Almost every day during the recent protests someone died. The Office of the United Nations High Commissioner for Human Rights reported that 124 people died, with at least 46 deaths at the hands of national forces and 27 by armed groups that support President Maduro. More than 5,000 people were arrested. Neomar Lander, a 17-year-old student, died in a protest in Caracas on June 7 after a tear gas bomb fatally injured his chest.
“National Guards and policemen were using tear gas bombs and any utensils, like pellets, nails, and screws to attack us,” a protester I interviewed proclaimed.
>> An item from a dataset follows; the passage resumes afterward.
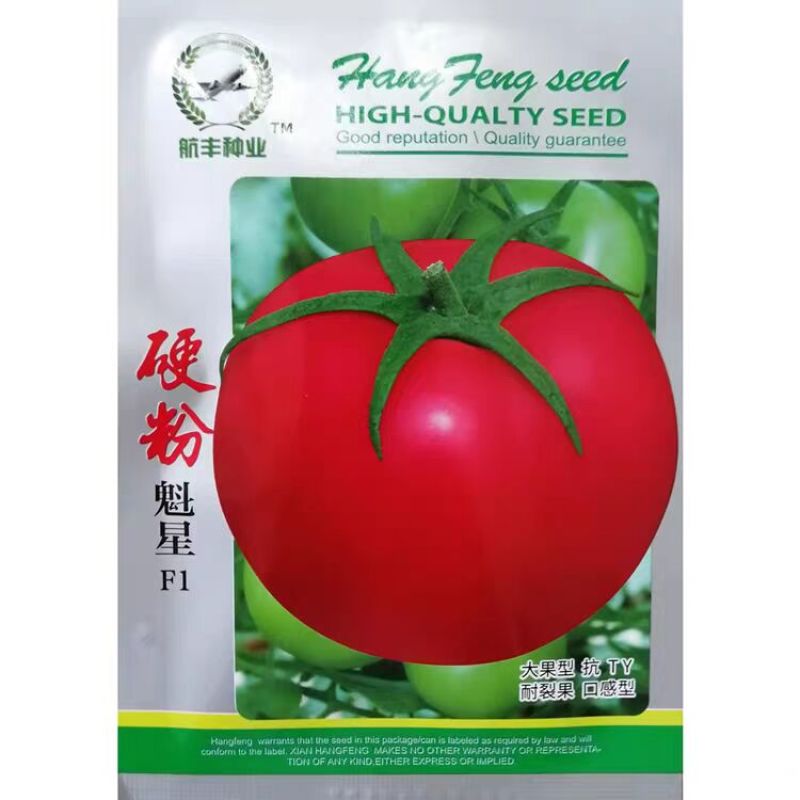 硬粉魁星番茄种子无限生长高产基地大果硬粉番茄西红柿种籽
The social, economic and political crisis in Venezuela has clearly gotten out of hand. The government established a National Constitutional Assembly to reform the Constitution against the will of Venezuelans. The election held on July 30 was a fraud. While the electoral council president Tibisay Lucena declared 41.53 percent support for the reform (8,089,320 people), the opposition announced that it was between 2 and 3 million. This discrepancy is worsening the crisis rather than addressing it since the National Consititional Assembly appears as the epitome of the ruling authoritarian regime in Venezuela.
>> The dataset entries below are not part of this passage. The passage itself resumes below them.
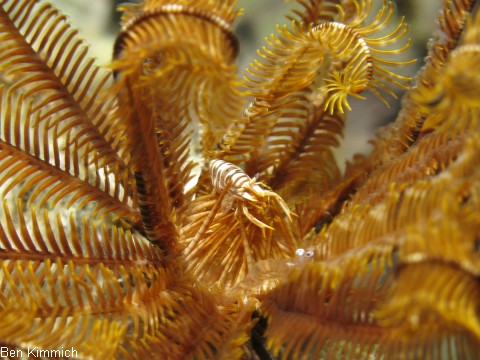Araiopontonia odontorhyncha, Haastern Garnele oder Laomenes amboinensis, Ambon Putzergarnele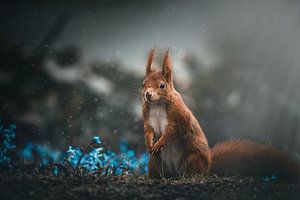 Squirrel by Markus Schulz
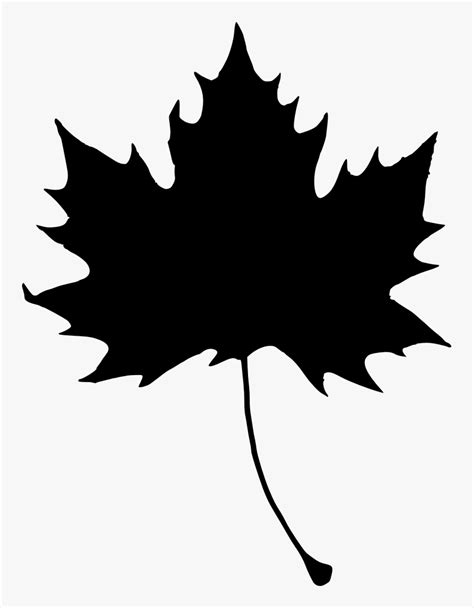 Transparent Leaf Clipart Maple Leaf Black And White Clipart Hd Png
To put pressure on Venezuela’s government, the United States government sanctioned 21 Venezuelan officials, freezing their U.S. assets, banning them from travelling to the U.S. and prohibiting U.S. nationals from doing business with these Venezuelans. On Aug. 25, President Donald Trump issued an executive order placing sanctions that prohibit the purchase of new bonds and stocks issued by the Venezuelan government and the state oil company. Despite the pressure, the government remains in power.
The collapse of the state extends beyond the food and medicine shortages, the fragile economy and the violence. The education sector has fallen apart, numbers of political prisoners are on the rise , corruption levels are high and there is an unequal division of power . Moreover, as a result of the crisis, thousands are fleeing the country, seeking asylum and opportunities abroad. In Panama, 12,756 Venezuelans sought refugee status in the first half of this year. Neighboring countries such as Peru, Colombia, Argentina, and Chile are preparing to receive even more Venezuelans.
The future of the Venezuelan humanitarian crisis remains uncertain. This summer more than 100 students — a number that would constitute approximately 10 percent of NYU Abu Dhabi’s student body — were killed fighting for change. Will their loss be in vain?